I'm working on a layout with my dad and I want the wiring to be neat, organized, and separated so I can troubleshoot things. 

Here is the track plan. 










Each of the loops of track (Blue, Green, Red) should have their own transformer handle. Each of the yard tracks are insulated so I can turn them on/off with a switch. I want to run as few wires as possible but have them all go back to a central point.

I haven't figured out what accessories or lights to put on yet so basically getting a nice organized track wiring plan in place is a nice start. 

For power I have a ZW, MRC Pure Dual, an LW and a CW 80. I think I would use the ZW for track power, and the rest are there for backup unless you guys can provide me with some options.

Thanks!


----------



## T-Man

Sounds like a good plan. 
In the center you have two switches back to back. Long trains have trouble with this and derail. Try to get one straight in there if possible.


----------



## solareclipse2

What I'm lost on is the best way to physically run the wires. How do I do it so I don't end up with like 10 wires all back at the transformer.


----------



## tjcruiser

A few comments ...

1. You're planning on running the wired underneath the table, right? If so, is wire length really all that critical?

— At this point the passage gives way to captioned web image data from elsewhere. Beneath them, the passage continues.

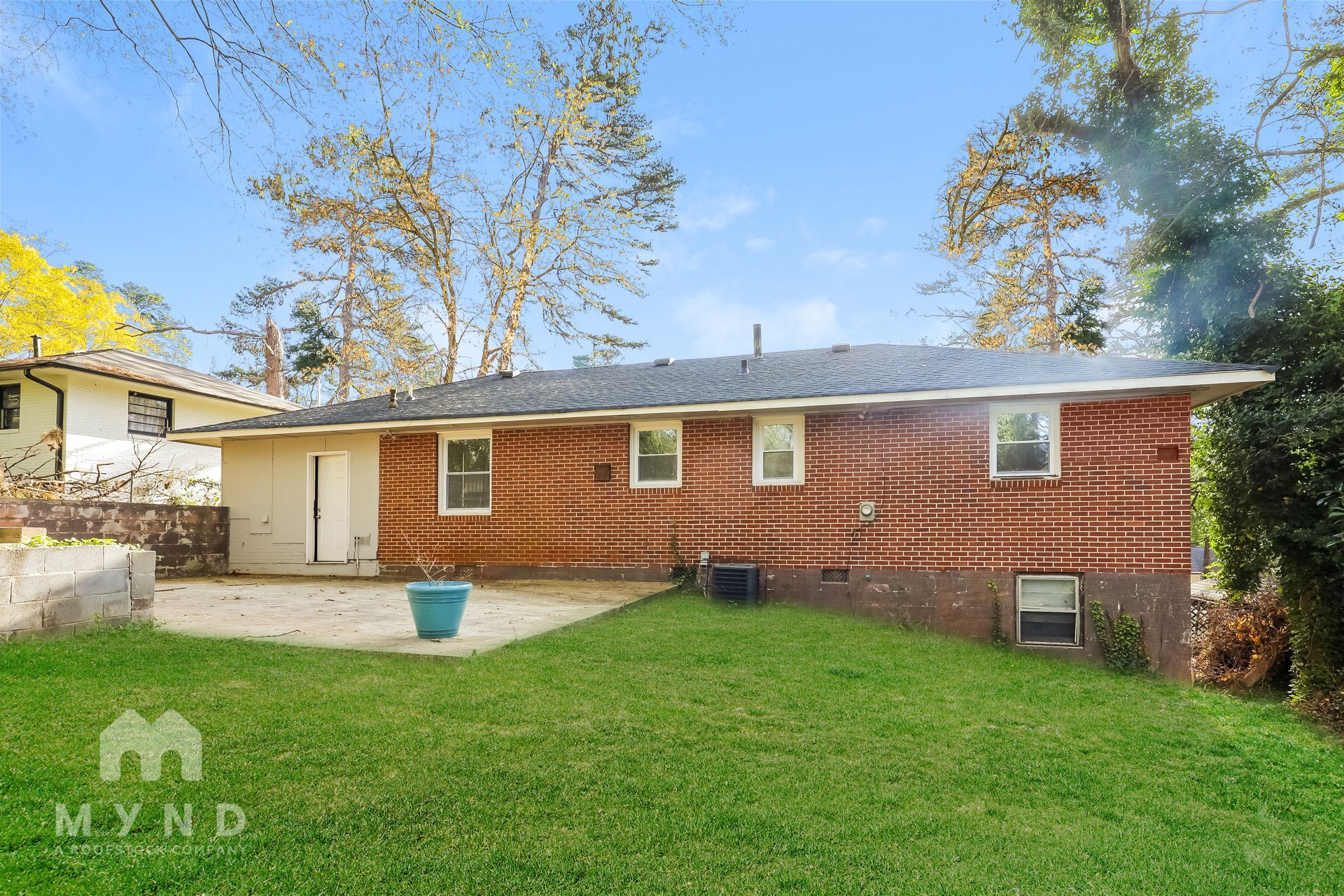 Building Photo - 4769 Ridgewood Dr
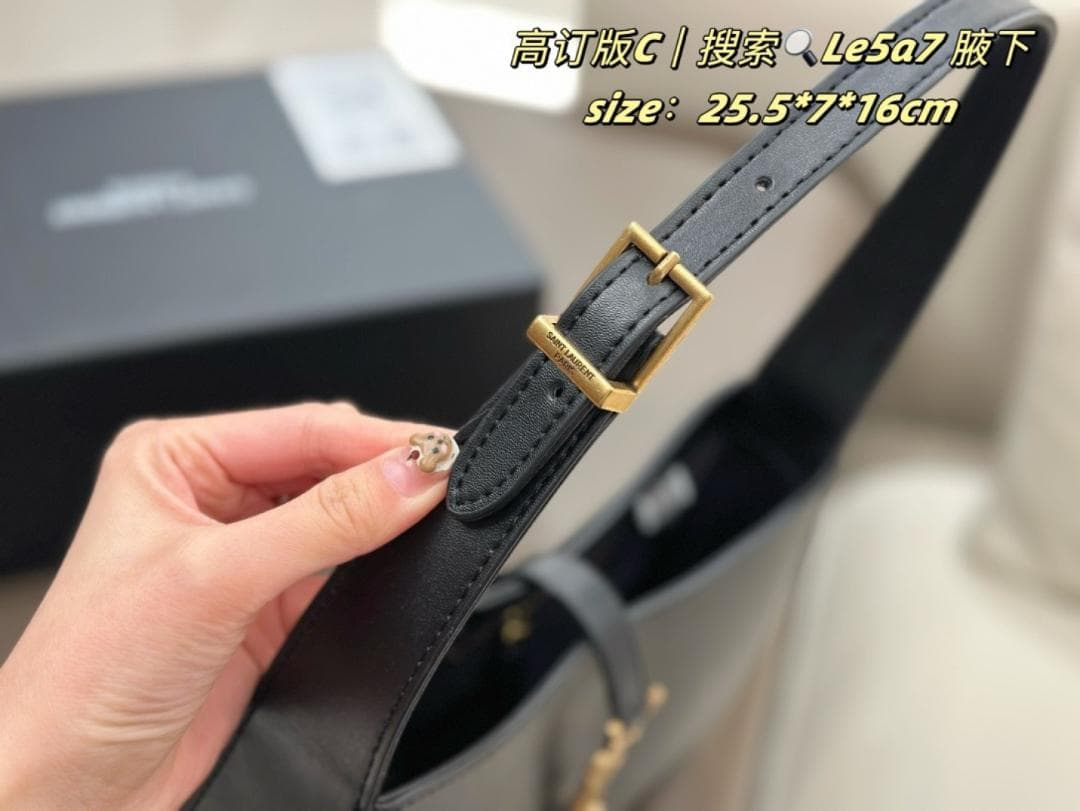 Le 5 à 7 hobo ブラック ショルダーバッグ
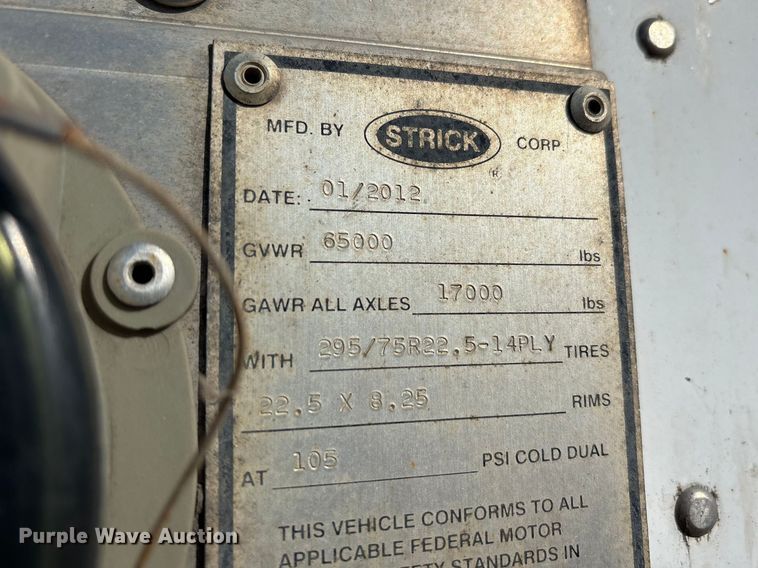 image for item YA2452 2013 Strick dry van trailer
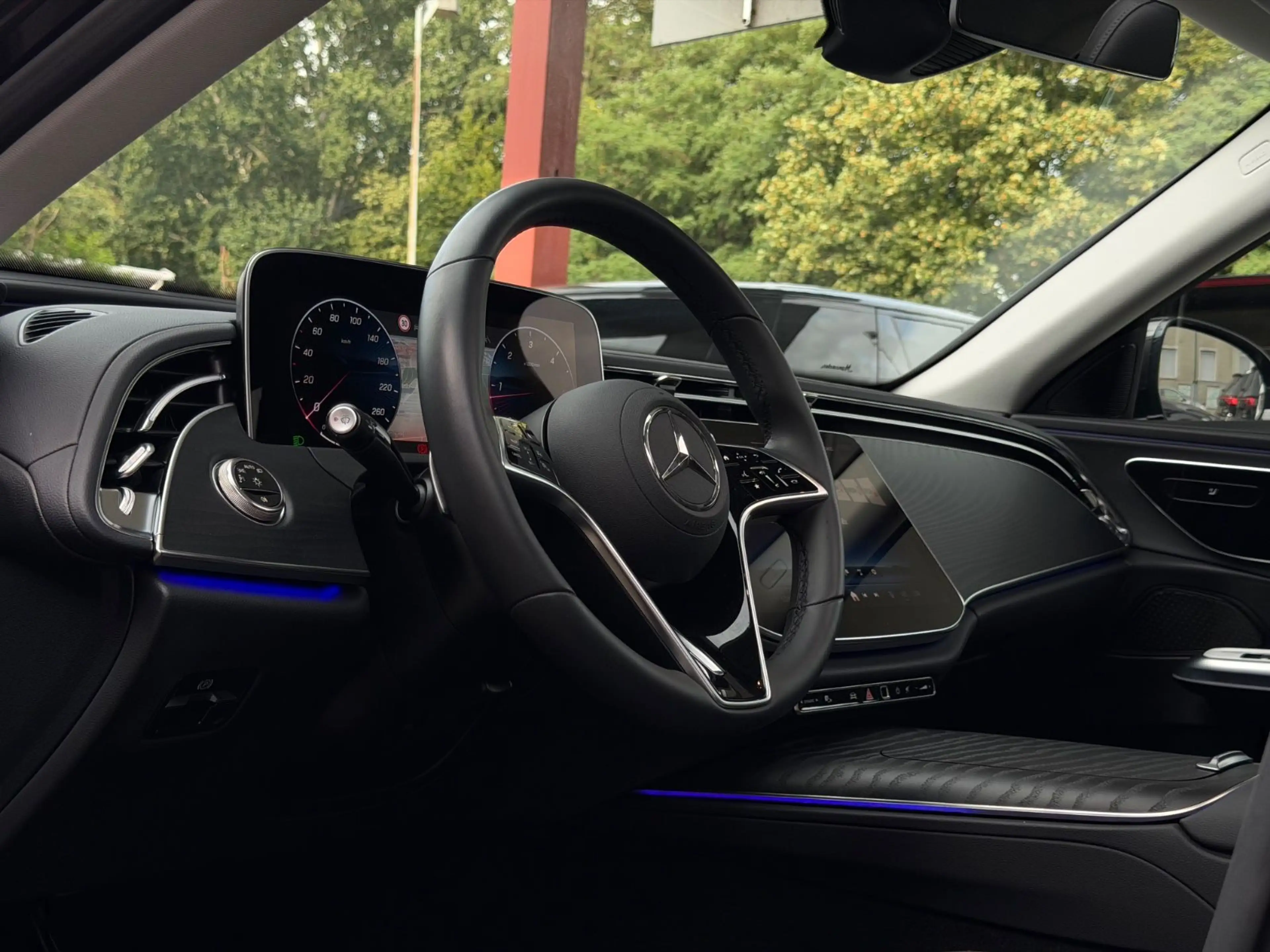 Mercedes-Benz E 220 d Lim. NAVI/LED/PANORAMA/R-KAMERA/19ZOLL — photo 10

2. Re: the trio of dead-end yard track. You say each of these is toggled on/off with a control switch. If so, don't you want the 4 track switches that lead to these (1R, 3L) to be "hot" with the Red line? I.e., only the straight sections of yard track would toggle on/off ... right?

3. For those, I'd run a pair of transformer leads to a wire bus, and then multiple leads from the bus to toggle control switches (presumably, mounted close to your transformer). Then, from the control switches, run pairs of leads to your individual track sections, as needed.

TJ


----------